Convegno > Paragrafo da 21 a 30

23. Tartaglia e Beccarino di Brunoro collaborano con l’Isolani: recupero di Corneto e Viterbo. Politica dell’Isolani.    
  
Anche il Tartaglia lo seguì poco dopo e, nel quadro di ciò che avevano progettato nei colloqui di Tuscania, si assunse il compito di ridurre in potere del legato pontificio il castello di Corneto con la collaborazione di un suo capitano assoldato di recente: Beccarino di Brunoro da Leonessa. Corneto s’era ribellata alla Chiesa quando Giovanni XXIII, come ricorderete, era fuggito da Roma per timore di Ladislao. Tartaglia e Beccarino, dunque entrarono a Corneto, la saccheggiarono ben bene, compiendo enormi atrocità, secondo l’usanza, e la obbligarono a venire a patti con il card. Isolani, portando molti prigionieri a Tuscania. La stessa sorte toccò, poi, a Viterbo, colpevole di essersi data a Ladislao. Corneto, il 1° gennaio 1515, e Viterbo, il 25 successivo, ricevettero il perdono del cardinale e vennero stipulati i capitoli di pace, che, per motivi di tempo, non illustro nei dettagli.

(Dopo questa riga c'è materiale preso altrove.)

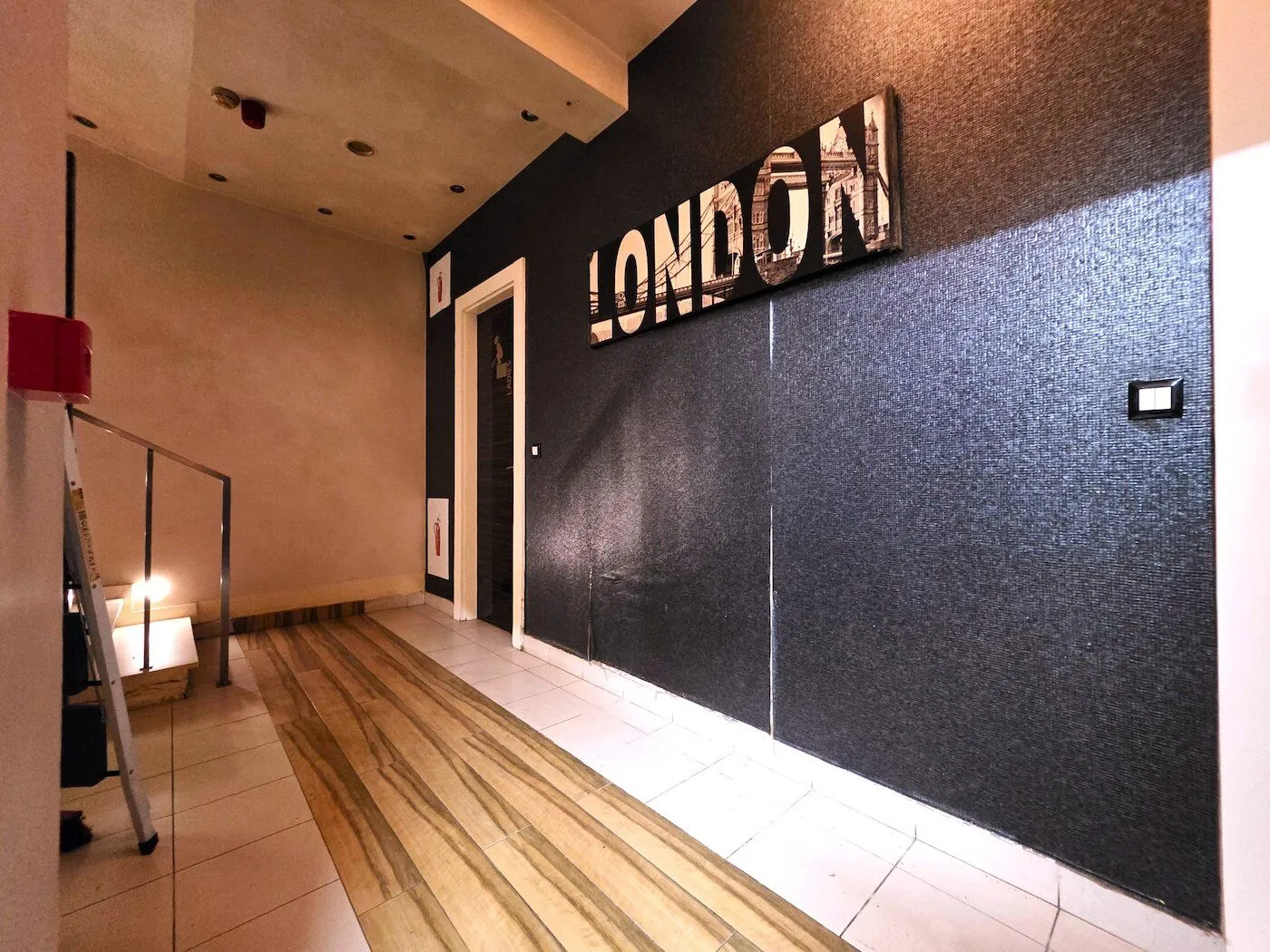 Prodaja, poslovni prostor, 151m², Tološka šuma, Podgorica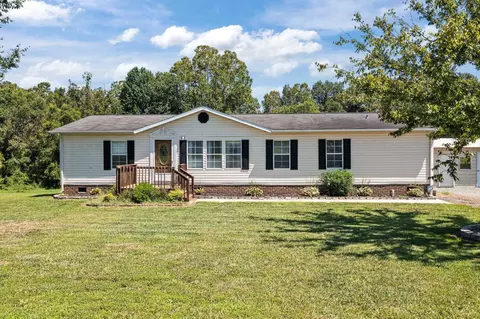 6542 Oak Hollow Dr, Snow Camp, NC 27349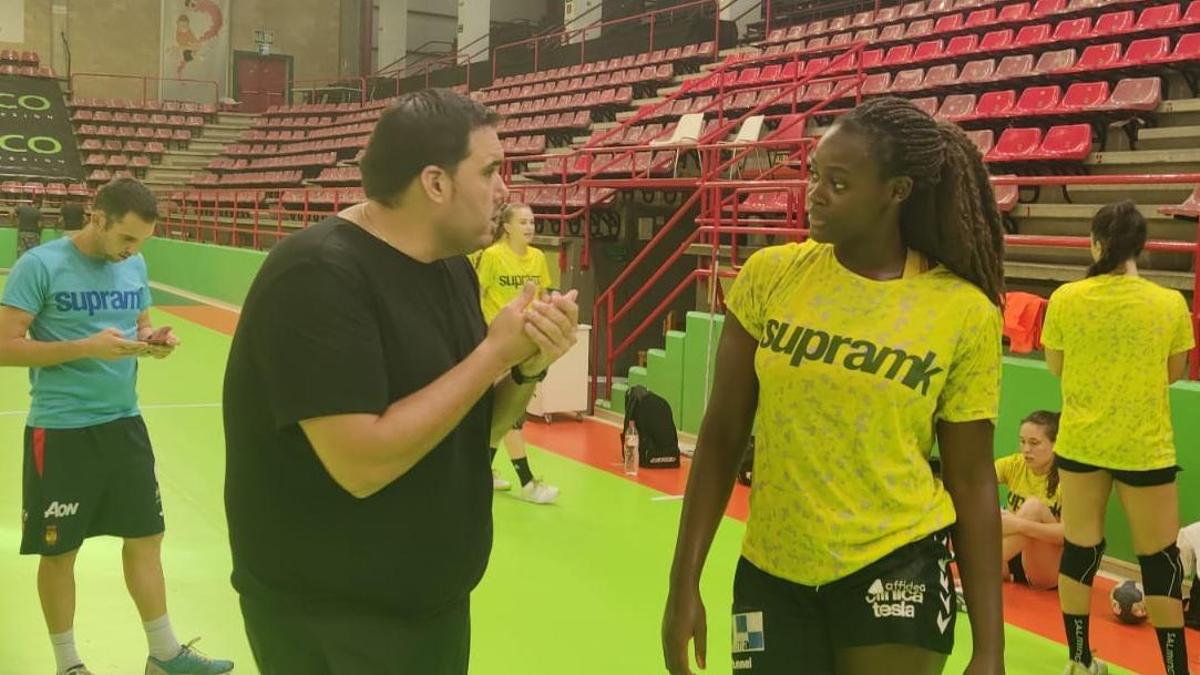 Joaquín Rocamora, técnico del Elche da instrucciones a la jugadora Lysa Tchaptchet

Ma quello che premeva di più al legato pontificio non era tanto il Tartaglia o i limitati problemi del Patrimonio.
Gli urgeva (soprattutto per l’ufficio di Legato che ricopriva) mettere in chiaro i rapporti della Chiesa con la Regina Giovanna II, tanto più che dal 15 luglio 1415, dopo la deposizione dei tre Papi (il 29 maggio venne deposto Giovanni XXIII; Gregorio XII, da Rimini, fece atto di rinuncia tramite il suo protettore Carlo Malatesti; più complessa fu la deposizione di Benedetto XIII, che ridottosi ostinatamente a Valenza, non volle mai accettare la deposizione pronunciata da Concilio il 26 luglio del 1417) venne invitato a mantenere la sua veste di legato nominato dal Concilio stesso, che lo esortava a svolgere tale ufficio fino all’elezione del nuovo pontefice e a rimediare a tutti i mali: ad esempio i Padri Conciliari (in una lettera del 24 luglio 1415) gli imponevano di redarguire il Tartaglia, intimandogli di indennizzare gli inermi abitanti di Foce, perché aveva assalito e depredato il loro castello, posto nel contado di Amelia, città sottoposta al Tartaglia e governata dal nipote Cristoforo da Lavello.